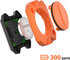 moofit Cadence Speed Sensor, Bluetooth & ANT+ Wireless RPM Cycling Sensor for Spin Bikes, IP67 Waterproof, Orange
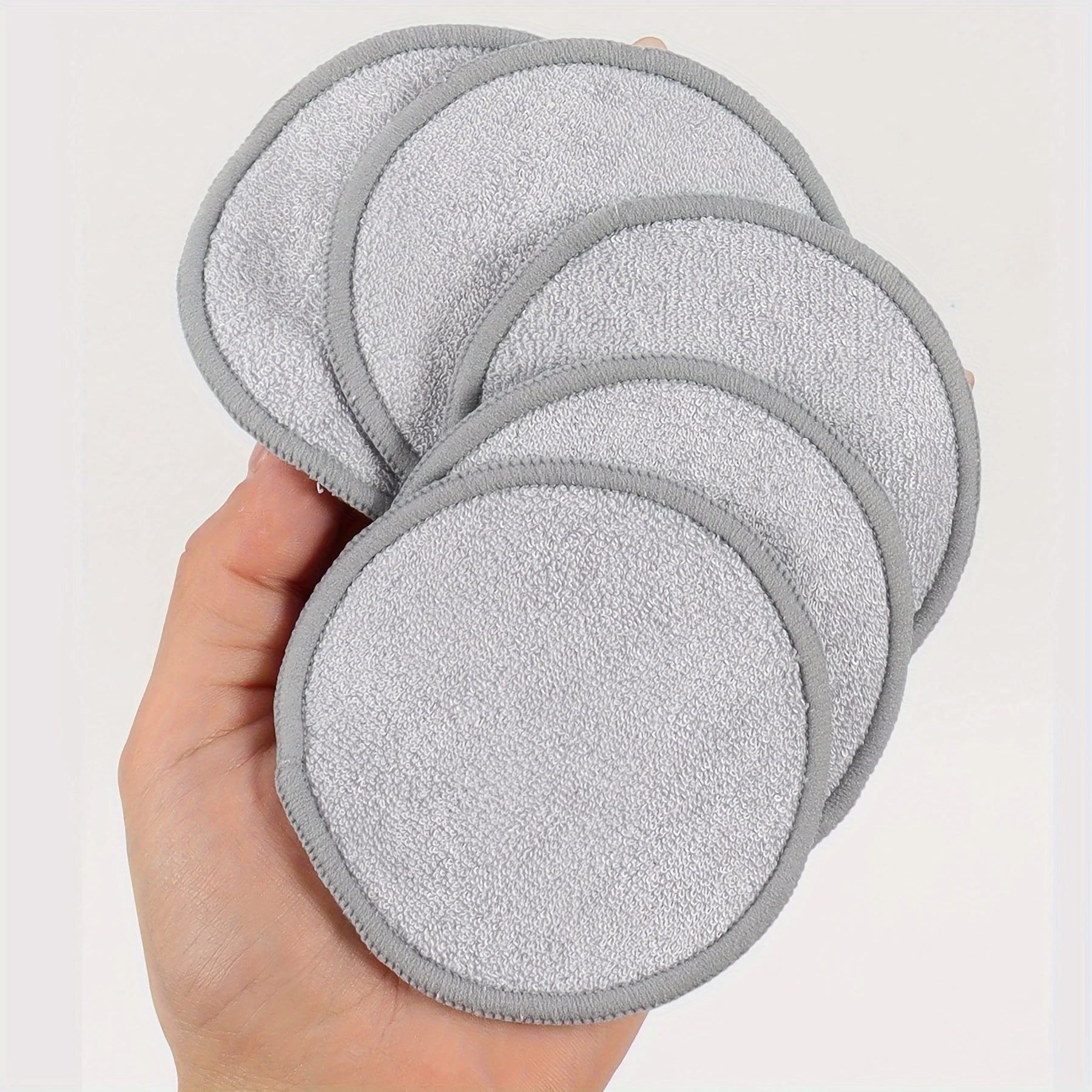 Reusable Bamboo Makeup Remover Pads — 10pc Washable Cotton Rounds Set
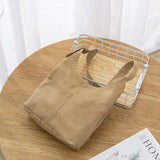 Women's Large Messenger Bag, Solid Shoulder Tote for Shopping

################

EXERCISE INSTRUCTIONS => The data needs to be reproduced exactly, please, apart from its pictures.

EXPECTED ANSWER =>
 moofit Cadence Speed Sensor, Bluetooth & ANT+ Wireless RPM Cycling Sensor for Spin Bikes, IP67 Waterproof, Orange
 Reusable Bamboo Makeup Remover Pads — 10pc Washable Cotton Rounds Set
 Women's Large Messenger Bag, Solid Shoulder Tote for Shopping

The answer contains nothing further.